EAAI Journal 2026 Journal Article
A lightweight multi-window attention transformer for image super-resolution
- Yuqing Yang
- Hao Liu
- Jun Zhang
- Wenfei Luo
- Jiaqian Wang
- Yuxiang Shi
- Hongxia Deng
In recent years, Transformer-based models have achieved strong performance in image super-resolution (SR). However, their high computational complexity and parameter cost still limit deployment on resource-constrained devices. To better balance efficiency and representation capability, this paper proposes a lightweight Transformer for image super-resolution, termed Multi-Window Attention Transformer for Image Super-Resolution (MWAT-SR), which adopts a hierarchical multi-window attention strategy. In shallow layers, Local Dense Attention (LDA) with small windows is used to preserve local high-frequency details.

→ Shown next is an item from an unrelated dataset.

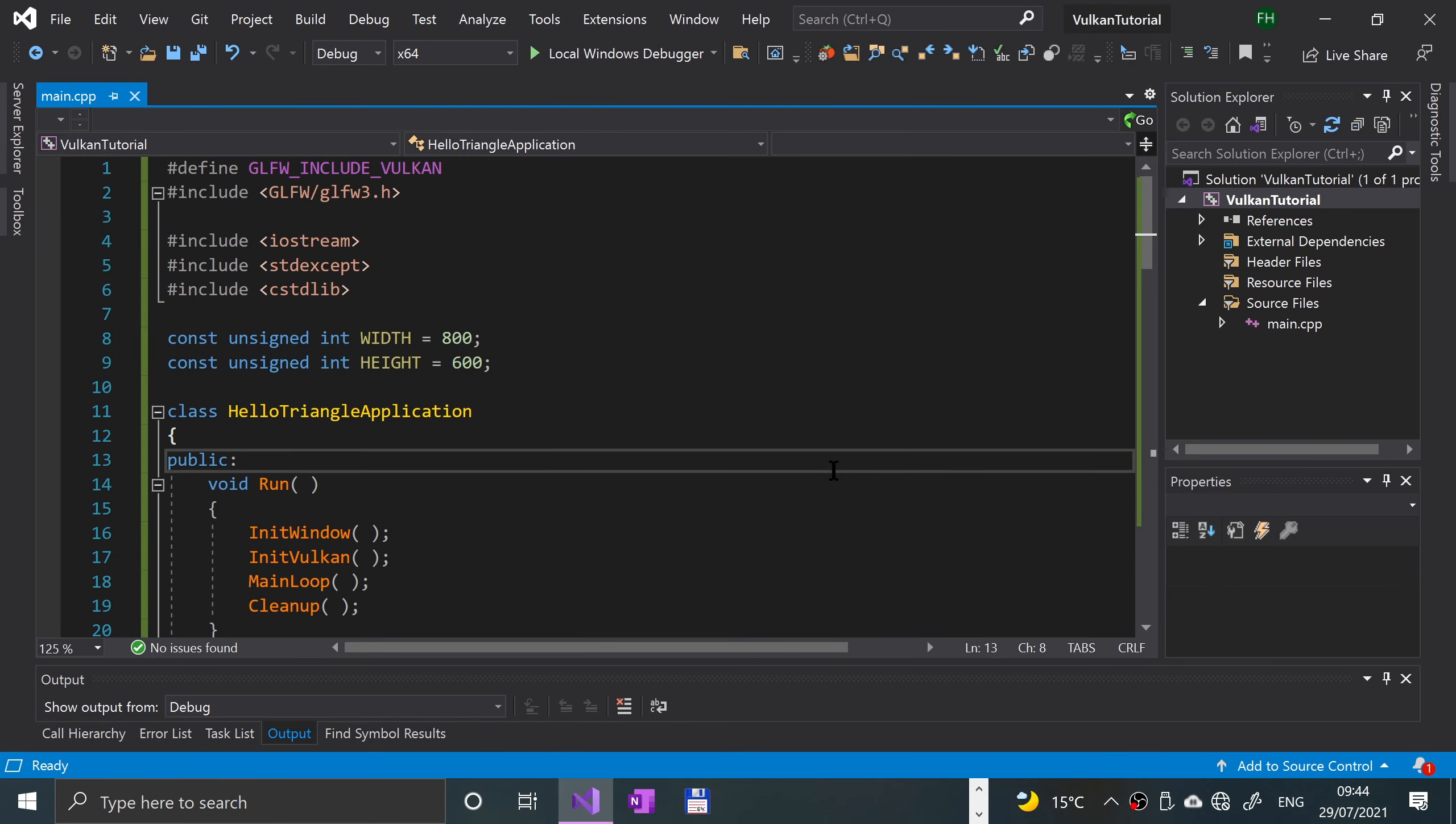Hello, in this video we are going to continue with drawing a triangle, still on the setup stage. We're basing this code off the base code tutorial, so make sure you followed that. What we're going to be doing now is setting up the Vulkan instance.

In deeper layers, larger windows are introduced together with a Hybrid Sparse-Channel Attention (HSCA) mechanism, which combines sparse spatial interaction and channel-wise semantic modeling to enlarge the effective receptive field under controlled computational cost. In addition, a Window-Adaptive Multi-Scale Convolutional Feed-Forward Network (WAMC-FFN) is designed to adjust convolution kernel sizes according to the window scale, thereby enhancing multi-scale texture representation. Experimental results on standard benchmark datasets show that MWAT-SR achieves competitive reconstruction performance across × 2, × 3, and × 4 settings, while maintaining a favorable trade-off between reconstruction quality and computational complexity.